Slow process for possible new rail line around Chicago area

While the mayor of Aurora praised plans for a new railroad line around the Chicago area, the process of approval will take some time:

Not that everyone loves the idea. At a recent public hearing in Belvidere, near Rockford, some 400 people showed to say the train line would be dangerous in their areas, and would impact farms and groundwater. The U.S. Surface Transportation Board held a series of hearings on the proposed railroad, and took public comment through the middle of June. The board will issue an environmental impact statement, followed by more public hearings. A final impact statement is likely two to three years away, and then the Surface Transportation Board must approve the railroad before construction could begin.

Not only does new infrastructure require large sums of money, it often involves a lengthy process involving federal and local agencies as well as local residents and local officials.
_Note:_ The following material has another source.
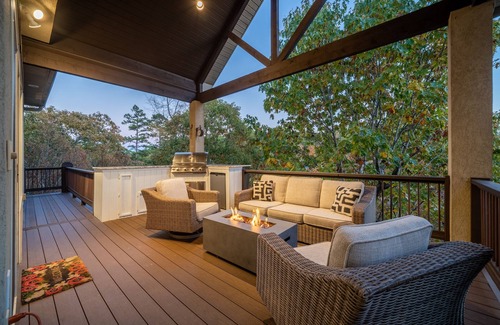 Hot Springs Village House | ☀️Waterfront 5000 sq. ft. on cove, boat dock & 2 large decks, Media & Game Room.
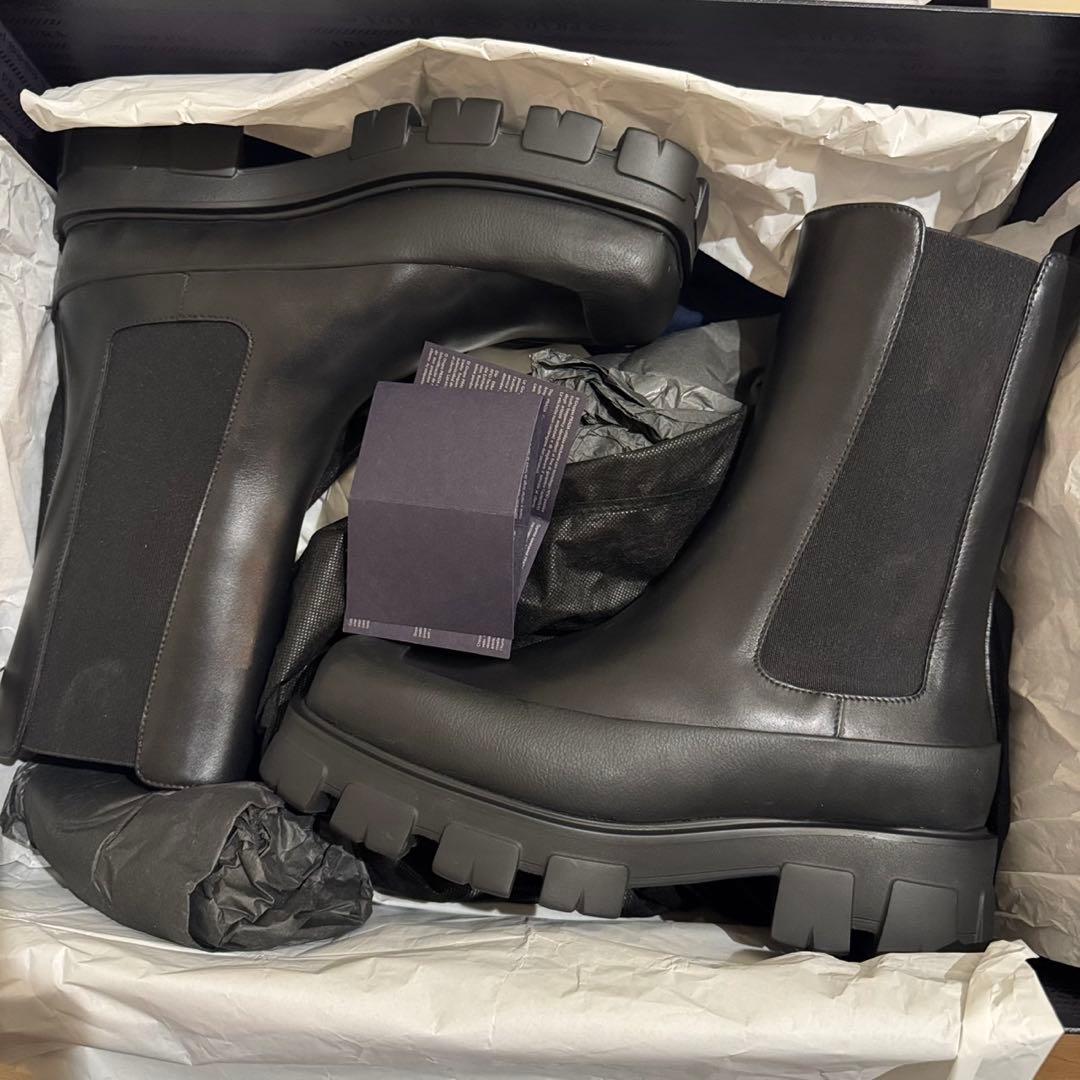 22AW PRADA Leather Chelsea Boots Prada #QY0040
As has been noted by multiple commentators, this can make infrastructure projects very difficult to construct. By the time all the hoops have been jumped through, the money secured, and bids and plans approved, a significant amount of time has passed. At the same time, not all major infrastructure projects are worthwhile. I’m thinking particularly of highways in major cities, like along the Embarcadero in San Francisco, the elevated highway in Boston which was replaced in the Big Dig, or the Lower Manhattan Expressway that was never built. So, we have a system that slows down the process, which helps in some circumstances and is burdensome in others.

This is a reminder that perhaps the best way to deal with all of this is to have good foresight. Plan ahead and fewer residents might be affected, costs are lower, and society can benefit from the infrastructure for longer. When governments or private firms wait – for lack of funds, lack of need, political pressure – the construction only becomes more difficult.